:: Supplied material ::

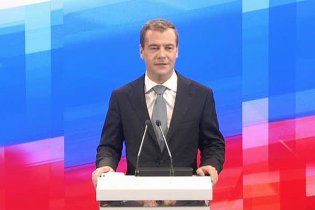 Медведев заговорил о возможной отставке Путина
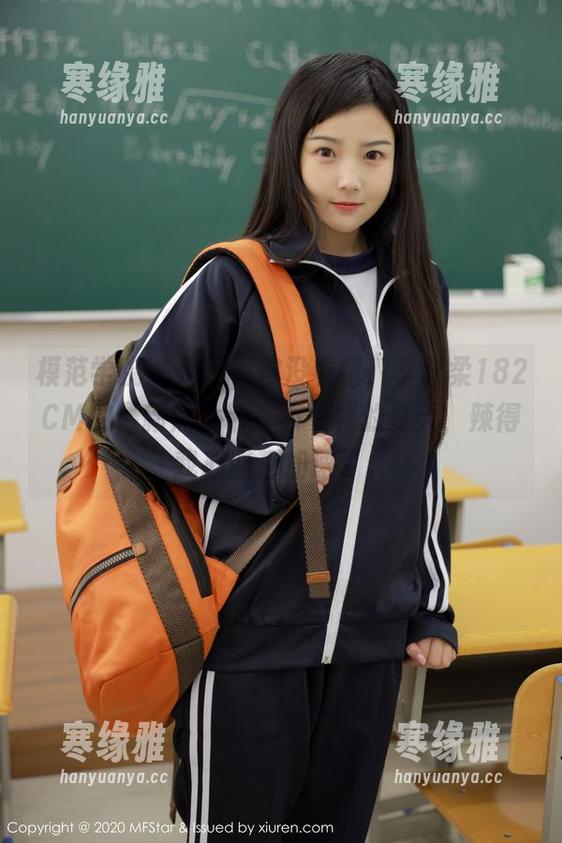 模范学院-李雅柔182CM 模范学院 - 是的,你没看错!李雅柔182CM的最新照片带来不一样的夏天,辣得我心脏都加速了。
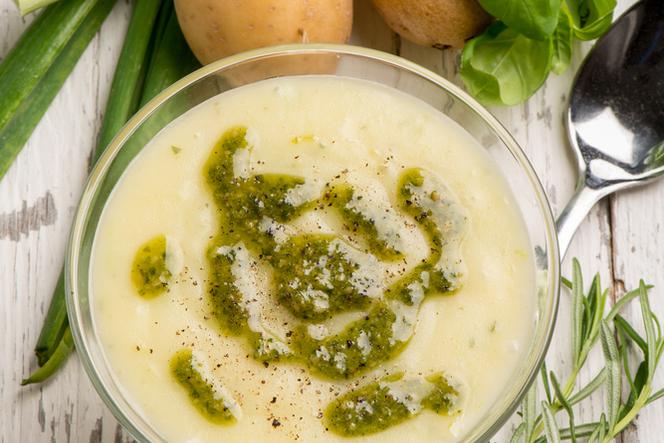 Zupa ziemniaczana z pesto - kartoflanka z włoską nutą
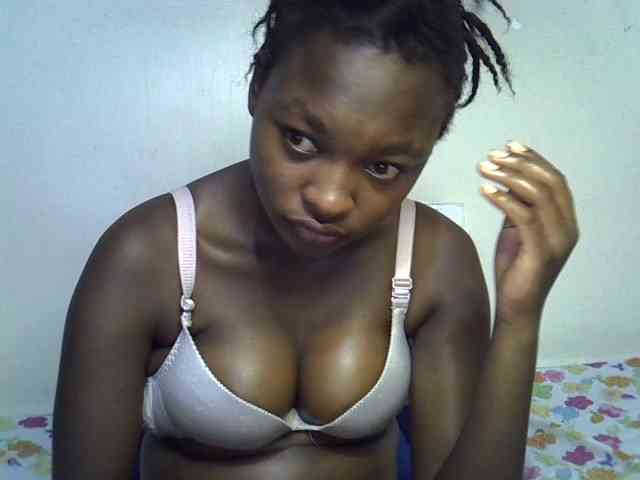 sweet-luna1 Live Webcam on BongaCams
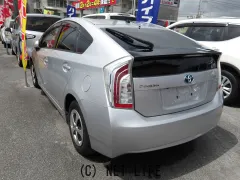 トヨタ プリウス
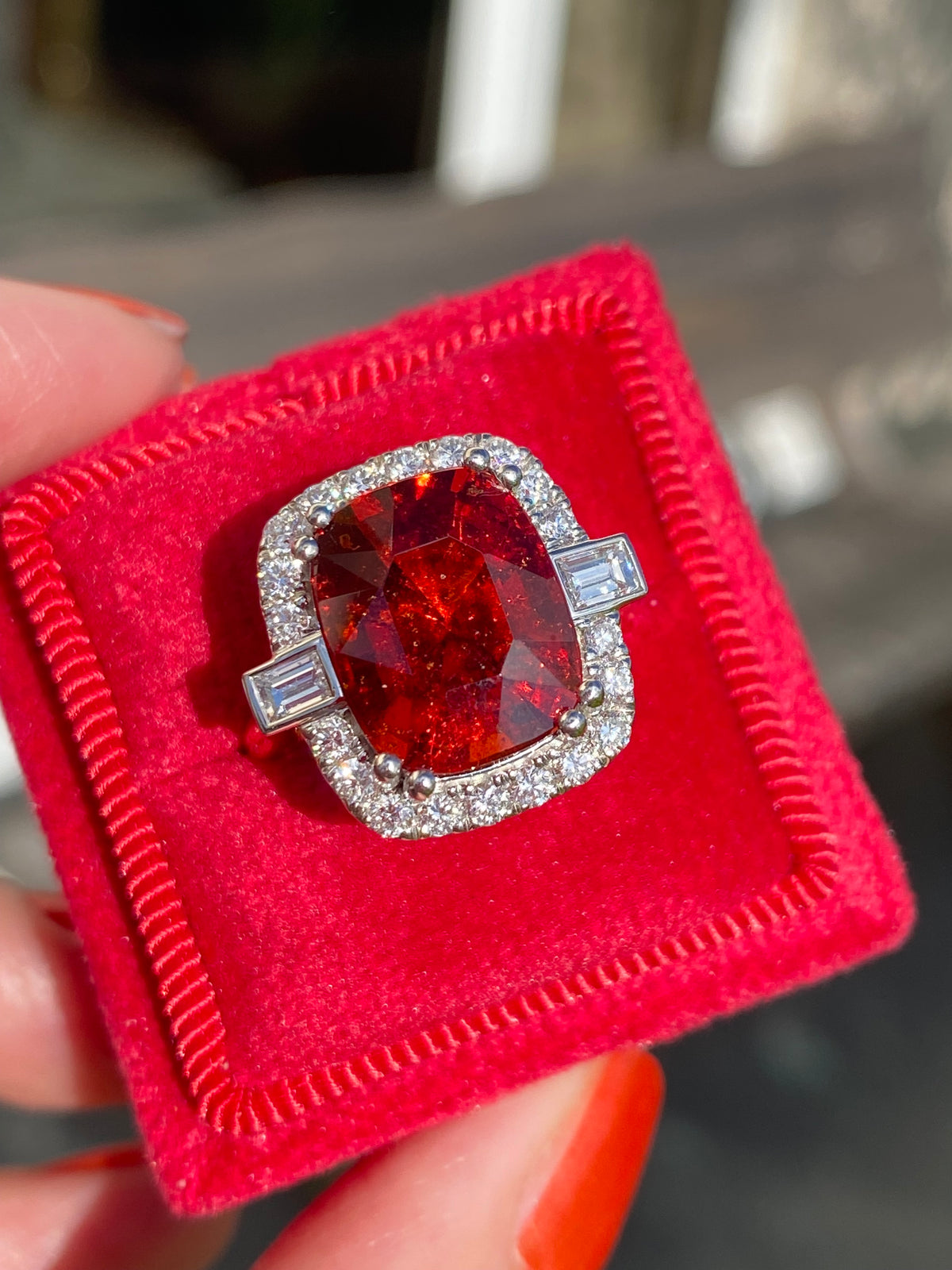 7.36 Carat Hessonite Garnet and Natural Diamond Ring in 18ct Gold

:::

- _Exercise prompt_:
Begin with the line containing "sweet-luna1 Live Webcam on BongaCams", stop at the last line of the records above, and copy every line in between exactly, both ends included, with no pictures.

- _Task output_:
 sweet-luna1 Live Webcam on BongaCams
 トヨタ プリウス
 7.36 Carat Hessonite Garnet and Natural Diamond Ring in 18ct Gold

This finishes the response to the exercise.